#### The input

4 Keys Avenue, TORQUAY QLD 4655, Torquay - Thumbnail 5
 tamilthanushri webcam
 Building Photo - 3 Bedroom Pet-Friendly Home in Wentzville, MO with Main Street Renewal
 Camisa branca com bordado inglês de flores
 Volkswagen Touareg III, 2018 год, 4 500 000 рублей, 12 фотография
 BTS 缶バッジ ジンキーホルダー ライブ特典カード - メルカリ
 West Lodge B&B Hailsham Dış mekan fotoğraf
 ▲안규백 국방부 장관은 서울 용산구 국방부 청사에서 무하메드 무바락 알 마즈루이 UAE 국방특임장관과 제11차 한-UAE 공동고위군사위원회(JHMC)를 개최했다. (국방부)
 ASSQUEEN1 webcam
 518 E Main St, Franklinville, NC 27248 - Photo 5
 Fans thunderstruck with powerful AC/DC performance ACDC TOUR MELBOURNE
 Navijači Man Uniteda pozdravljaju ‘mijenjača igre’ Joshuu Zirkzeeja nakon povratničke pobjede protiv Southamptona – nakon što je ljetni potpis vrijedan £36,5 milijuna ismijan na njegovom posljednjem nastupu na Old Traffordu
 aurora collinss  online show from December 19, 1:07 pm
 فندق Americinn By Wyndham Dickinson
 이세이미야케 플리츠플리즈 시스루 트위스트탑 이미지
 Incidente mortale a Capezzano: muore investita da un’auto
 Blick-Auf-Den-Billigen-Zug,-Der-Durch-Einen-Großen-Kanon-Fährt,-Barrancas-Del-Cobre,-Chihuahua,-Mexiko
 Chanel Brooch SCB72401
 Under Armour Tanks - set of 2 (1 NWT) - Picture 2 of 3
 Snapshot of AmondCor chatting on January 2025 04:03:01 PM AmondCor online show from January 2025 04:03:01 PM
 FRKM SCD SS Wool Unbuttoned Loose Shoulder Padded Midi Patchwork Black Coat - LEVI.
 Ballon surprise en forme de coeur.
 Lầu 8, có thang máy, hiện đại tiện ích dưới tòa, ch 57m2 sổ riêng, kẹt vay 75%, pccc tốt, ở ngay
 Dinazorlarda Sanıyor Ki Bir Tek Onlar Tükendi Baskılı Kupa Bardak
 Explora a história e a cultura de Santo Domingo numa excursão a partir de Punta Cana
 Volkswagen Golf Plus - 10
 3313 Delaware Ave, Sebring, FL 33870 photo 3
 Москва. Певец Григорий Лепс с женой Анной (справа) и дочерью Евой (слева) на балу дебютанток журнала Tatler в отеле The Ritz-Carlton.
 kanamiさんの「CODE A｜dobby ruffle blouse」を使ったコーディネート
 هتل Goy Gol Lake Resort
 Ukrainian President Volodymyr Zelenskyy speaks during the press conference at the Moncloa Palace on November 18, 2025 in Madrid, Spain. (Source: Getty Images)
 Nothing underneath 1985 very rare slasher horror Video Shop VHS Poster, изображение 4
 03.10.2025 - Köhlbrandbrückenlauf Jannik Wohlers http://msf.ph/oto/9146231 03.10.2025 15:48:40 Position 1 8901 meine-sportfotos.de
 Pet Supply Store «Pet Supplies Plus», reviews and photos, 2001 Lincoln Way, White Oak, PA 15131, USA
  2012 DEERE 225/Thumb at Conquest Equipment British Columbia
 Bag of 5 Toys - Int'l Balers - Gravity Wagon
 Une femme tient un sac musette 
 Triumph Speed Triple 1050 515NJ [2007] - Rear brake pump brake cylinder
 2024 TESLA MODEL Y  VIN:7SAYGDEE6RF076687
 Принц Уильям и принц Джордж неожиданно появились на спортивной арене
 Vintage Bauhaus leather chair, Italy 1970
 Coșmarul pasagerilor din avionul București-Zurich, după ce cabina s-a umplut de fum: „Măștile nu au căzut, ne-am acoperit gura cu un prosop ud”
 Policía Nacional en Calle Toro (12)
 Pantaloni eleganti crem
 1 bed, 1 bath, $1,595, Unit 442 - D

########

*Directions for this task:* Return the records above in their entirety, exactly as they appear.

*Solution for this exercise:*
4 Keys Avenue, TORQUAY QLD 4655, Torquay - Thumbnail 5
 tamilthanushri webcam
 Building Photo - 3 Bedroom Pet-Friendly Home in Wentzville, MO with Main Street Renewal
 Camisa branca com bordado inglês de flores
 Volkswagen Touareg III, 2018 год, 4 500 000 рублей, 12 фотография
 BTS 缶バッジ ジンキーホルダー ライブ特典カード - メルカリ
 West Lodge B&B Hailsham Dış mekan fotoğraf
 ▲안규백 국방부 장관은 서울 용산구 국방부 청사에서 무하메드 무바락 알 마즈루이 UAE 국방특임장관과 제11차 한-UAE 공동고위군사위원회(JHMC)를 개최했다. (국방부)
 ASSQUEEN1 webcam
 518 E Main St, Franklinville, NC 27248 - Photo 5
 Fans thunderstruck with powerful AC/DC performance ACDC TOUR MELBOURNE
 Navijači Man Uniteda pozdravljaju ‘mijenjača igre’ Joshuu Zirkzeeja nakon povratničke pobjede protiv Southamptona – nakon što je ljetni potpis vrijedan £36,5 milijuna ismijan na njegovom posljednjem nastupu na Old Traffordu
 aurora collinss  online show from December 19, 1:07 pm
 فندق Americinn By Wyndham Dickinson
 이세이미야케 플리츠플리즈 시스루 트위스트탑 이미지
 Incidente mortale a Capezzano: muore investita da un’auto
 Blick-Auf-Den-Billigen-Zug,-Der-Durch-Einen-Großen-Kanon-Fährt,-Barrancas-Del-Cobre,-Chihuahua,-Mexiko
 Chanel Brooch SCB72401
 Under Armour Tanks - set of 2 (1 NWT) - Picture 2 of 3
 Snapshot of AmondCor chatting on January 2025 04:03:01 PM AmondCor online show from January 2025 04:03:01 PM
 FRKM SCD SS Wool Unbuttoned Loose Shoulder Padded Midi Patchwork Black Coat - LEVI.
 Ballon surprise en forme de coeur.
 Lầu 8, có thang máy, hiện đại tiện ích dưới tòa, ch 57m2 sổ riêng, kẹt vay 75%, pccc tốt, ở ngay
 Dinazorlarda Sanıyor Ki Bir Tek Onlar Tükendi Baskılı Kupa Bardak
 Explora a história e a cultura de Santo Domingo numa excursão a partir de Punta Cana
 Volkswagen Golf Plus - 10
 3313 Delaware Ave, Sebring, FL 33870 photo 3
 Москва. Певец Григорий Лепс с женой Анной (справа) и дочерью Евой (слева) на балу дебютанток журнала Tatler в отеле The Ritz-Carlton.
 kanamiさんの「CODE A｜dobby ruffle blouse」を使ったコーディネート
 هتل Goy Gol Lake Resort
 Ukrainian President Volodymyr Zelenskyy speaks during the press conference at the Moncloa Palace on November 18, 2025 in Madrid, Spain. (Source: Getty Images)
 Nothing underneath 1985 very rare slasher horror Video Shop VHS Poster, изображение 4
 03.10.2025 - Köhlbrandbrückenlauf Jannik Wohlers http://msf.ph/oto/9146231 03.10.2025 15:48:40 Position 1 8901 meine-sportfotos.de
 Pet Supply Store «Pet Supplies Plus», reviews and photos, 2001 Lincoln Way, White Oak, PA 15131, USA
  2012 DEERE 225/Thumb at Conquest Equipment British Columbia
 Bag of 5 Toys - Int'l Balers - Gravity Wagon
 Une femme tient un sac musette 
 Triumph Speed Triple 1050 515NJ [2007] - Rear brake pump brake cylinder
 2024 TESLA MODEL Y  VIN:7SAYGDEE6RF076687
 Принц Уильям и принц Джордж неожиданно появились на спортивной арене
 Vintage Bauhaus leather chair, Italy 1970
 Coșmarul pasagerilor din avionul București-Zurich, după ce cabina s-a umplut de fum: „Măștile nu au căzut, ne-am acoperit gura cu un prosop ud”
 Policía Nacional en Calle Toro (12)
 Pantaloni eleganti crem
 1 bed, 1 bath, $1,595, Unit 442 - D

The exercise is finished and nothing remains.